=== Records supplied ===

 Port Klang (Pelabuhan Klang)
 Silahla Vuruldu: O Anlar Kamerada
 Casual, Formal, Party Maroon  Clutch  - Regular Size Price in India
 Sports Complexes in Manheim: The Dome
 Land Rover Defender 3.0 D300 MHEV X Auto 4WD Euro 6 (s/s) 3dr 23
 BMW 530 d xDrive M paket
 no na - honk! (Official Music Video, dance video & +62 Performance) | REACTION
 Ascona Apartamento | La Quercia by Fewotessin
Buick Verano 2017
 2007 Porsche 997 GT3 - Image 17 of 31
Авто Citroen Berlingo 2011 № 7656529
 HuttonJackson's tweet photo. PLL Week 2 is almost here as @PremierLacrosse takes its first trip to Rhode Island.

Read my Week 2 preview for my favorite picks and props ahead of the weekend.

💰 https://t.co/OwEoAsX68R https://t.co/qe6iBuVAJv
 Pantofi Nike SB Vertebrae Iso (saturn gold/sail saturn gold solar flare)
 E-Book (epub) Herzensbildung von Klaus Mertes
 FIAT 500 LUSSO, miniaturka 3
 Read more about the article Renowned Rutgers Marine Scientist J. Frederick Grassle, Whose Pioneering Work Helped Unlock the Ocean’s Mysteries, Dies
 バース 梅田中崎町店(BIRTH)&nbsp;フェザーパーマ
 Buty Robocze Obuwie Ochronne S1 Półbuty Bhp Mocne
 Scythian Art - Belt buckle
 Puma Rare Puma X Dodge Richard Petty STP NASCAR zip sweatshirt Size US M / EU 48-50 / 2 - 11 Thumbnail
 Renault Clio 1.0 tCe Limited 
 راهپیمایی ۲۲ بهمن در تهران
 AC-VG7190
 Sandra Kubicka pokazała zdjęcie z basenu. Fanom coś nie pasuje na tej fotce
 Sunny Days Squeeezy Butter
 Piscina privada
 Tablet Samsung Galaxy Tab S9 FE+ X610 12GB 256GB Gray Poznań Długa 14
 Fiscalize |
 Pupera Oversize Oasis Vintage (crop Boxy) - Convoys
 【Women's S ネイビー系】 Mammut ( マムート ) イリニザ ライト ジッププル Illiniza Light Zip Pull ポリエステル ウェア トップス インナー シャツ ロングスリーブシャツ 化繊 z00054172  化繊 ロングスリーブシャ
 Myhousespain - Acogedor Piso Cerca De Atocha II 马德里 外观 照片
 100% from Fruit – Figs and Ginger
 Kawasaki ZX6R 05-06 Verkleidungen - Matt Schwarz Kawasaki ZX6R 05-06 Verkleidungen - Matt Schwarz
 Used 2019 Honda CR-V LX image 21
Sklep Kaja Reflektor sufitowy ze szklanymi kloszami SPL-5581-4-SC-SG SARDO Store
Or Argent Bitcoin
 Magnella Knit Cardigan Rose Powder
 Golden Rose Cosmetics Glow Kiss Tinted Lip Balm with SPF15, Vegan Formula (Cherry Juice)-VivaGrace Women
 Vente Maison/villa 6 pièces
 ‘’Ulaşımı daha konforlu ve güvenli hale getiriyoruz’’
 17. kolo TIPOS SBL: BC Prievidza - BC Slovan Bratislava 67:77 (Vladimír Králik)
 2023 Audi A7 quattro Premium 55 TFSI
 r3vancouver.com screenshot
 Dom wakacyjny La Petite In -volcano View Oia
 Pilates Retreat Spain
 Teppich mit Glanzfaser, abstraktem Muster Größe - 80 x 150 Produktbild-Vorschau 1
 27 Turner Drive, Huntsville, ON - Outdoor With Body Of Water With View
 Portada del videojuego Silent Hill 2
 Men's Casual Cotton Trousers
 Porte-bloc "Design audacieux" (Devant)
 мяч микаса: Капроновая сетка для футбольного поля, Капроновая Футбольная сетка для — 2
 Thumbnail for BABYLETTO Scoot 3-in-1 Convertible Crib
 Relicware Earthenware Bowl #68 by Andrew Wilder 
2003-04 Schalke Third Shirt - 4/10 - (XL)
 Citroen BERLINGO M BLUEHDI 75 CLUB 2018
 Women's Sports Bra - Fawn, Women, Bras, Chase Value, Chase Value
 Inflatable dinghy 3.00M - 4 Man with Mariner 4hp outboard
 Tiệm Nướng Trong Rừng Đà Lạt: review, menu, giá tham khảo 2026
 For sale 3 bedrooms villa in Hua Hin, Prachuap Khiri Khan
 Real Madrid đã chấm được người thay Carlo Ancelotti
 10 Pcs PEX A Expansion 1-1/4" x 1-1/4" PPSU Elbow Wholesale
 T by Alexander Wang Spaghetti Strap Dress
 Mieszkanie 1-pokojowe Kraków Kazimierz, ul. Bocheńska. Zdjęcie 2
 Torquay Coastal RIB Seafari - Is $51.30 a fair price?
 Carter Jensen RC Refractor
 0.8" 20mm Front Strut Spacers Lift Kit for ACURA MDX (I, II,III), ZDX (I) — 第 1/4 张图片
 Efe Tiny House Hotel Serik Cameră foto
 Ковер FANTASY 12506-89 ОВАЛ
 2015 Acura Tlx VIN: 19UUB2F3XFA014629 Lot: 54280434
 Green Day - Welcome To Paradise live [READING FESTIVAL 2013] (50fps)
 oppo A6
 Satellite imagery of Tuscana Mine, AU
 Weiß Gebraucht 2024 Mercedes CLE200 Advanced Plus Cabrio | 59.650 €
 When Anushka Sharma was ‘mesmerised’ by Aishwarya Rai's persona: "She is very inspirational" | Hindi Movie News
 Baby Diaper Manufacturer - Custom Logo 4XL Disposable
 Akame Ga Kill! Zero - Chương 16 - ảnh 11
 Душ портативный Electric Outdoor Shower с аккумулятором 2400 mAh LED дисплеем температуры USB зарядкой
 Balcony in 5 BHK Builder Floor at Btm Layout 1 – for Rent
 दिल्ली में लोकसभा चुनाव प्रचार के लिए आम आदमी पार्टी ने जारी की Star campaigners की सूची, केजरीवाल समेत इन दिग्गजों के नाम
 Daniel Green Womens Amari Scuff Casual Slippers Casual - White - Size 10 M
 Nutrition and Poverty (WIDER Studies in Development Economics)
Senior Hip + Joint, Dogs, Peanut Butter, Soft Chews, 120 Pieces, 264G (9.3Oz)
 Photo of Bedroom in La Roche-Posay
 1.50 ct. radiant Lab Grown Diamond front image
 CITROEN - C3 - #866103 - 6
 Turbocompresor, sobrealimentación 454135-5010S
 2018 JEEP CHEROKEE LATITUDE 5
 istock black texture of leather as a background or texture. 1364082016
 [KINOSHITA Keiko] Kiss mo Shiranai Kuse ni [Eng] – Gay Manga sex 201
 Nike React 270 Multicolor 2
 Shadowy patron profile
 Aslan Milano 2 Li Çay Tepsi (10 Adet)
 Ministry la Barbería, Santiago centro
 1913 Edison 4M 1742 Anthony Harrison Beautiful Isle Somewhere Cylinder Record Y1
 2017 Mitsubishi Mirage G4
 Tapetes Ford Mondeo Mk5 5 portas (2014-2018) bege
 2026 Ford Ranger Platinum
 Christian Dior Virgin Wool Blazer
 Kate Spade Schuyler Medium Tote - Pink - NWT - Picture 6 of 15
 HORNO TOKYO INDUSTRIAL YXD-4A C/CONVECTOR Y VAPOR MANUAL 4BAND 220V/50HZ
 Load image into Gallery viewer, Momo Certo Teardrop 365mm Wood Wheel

===

■ Work item ■
Quote only the lines from the line containing "Satellite imagery of Tuscana Mine, AU" through the end of the entries, keeping the first and the last.

■ Task solution ■
 Satellite imagery of Tuscana Mine, AU
 Weiß Gebraucht 2024 Mercedes CLE200 Advanced Plus Cabrio | 59.650 €
 When Anushka Sharma was ‘mesmerised’ by Aishwarya Rai's persona: "She is very inspirational" | Hindi Movie News
 Baby Diaper Manufacturer - Custom Logo 4XL Disposable
 Akame Ga Kill! Zero - Chương 16 - ảnh 11
 Душ портативный Electric Outdoor Shower с аккумулятором 2400 mAh LED дисплеем температуры USB зарядкой
 Balcony in 5 BHK Builder Floor at Btm Layout 1 – for Rent
 दिल्ली में लोकसभा चुनाव प्रचार के लिए आम आदमी पार्टी ने जारी की Star campaigners की सूची, केजरीवाल समेत इन दिग्गजों के नाम
 Daniel Green Womens Amari Scuff Casual Slippers Casual - White - Size 10 M
 Nutrition and Poverty (WIDER Studies in Development Economics)
Senior Hip + Joint, Dogs, Peanut Butter, Soft Chews, 120 Pieces, 264G (9.3Oz)
 Photo of Bedroom in La Roche-Posay
 1.50 ct. radiant Lab Grown Diamond front image
 CITROEN - C3 - #866103 - 6
 Turbocompresor, sobrealimentación 454135-5010S
 2018 JEEP CHEROKEE LATITUDE 5
 istock black texture of leather as a background or texture. 1364082016
 [KINOSHITA Keiko] Kiss mo Shiranai Kuse ni [Eng] – Gay Manga sex 201
 Nike React 270 Multicolor 2
 Shadowy patron profile
 Aslan Milano 2 Li Çay Tepsi (10 Adet)
 Ministry la Barbería, Santiago centro
 1913 Edison 4M 1742 Anthony Harrison Beautiful Isle Somewhere Cylinder Record Y1
 2017 Mitsubishi Mirage G4
 Tapetes Ford Mondeo Mk5 5 portas (2014-2018) bege
 2026 Ford Ranger Platinum
 Christian Dior Virgin Wool Blazer
 Kate Spade Schuyler Medium Tote - Pink - NWT - Picture 6 of 15
 HORNO TOKYO INDUSTRIAL YXD-4A C/CONVECTOR Y VAPOR MANUAL 4BAND 220V/50HZ
 Load image into Gallery viewer, Momo Certo Teardrop 365mm Wood Wheel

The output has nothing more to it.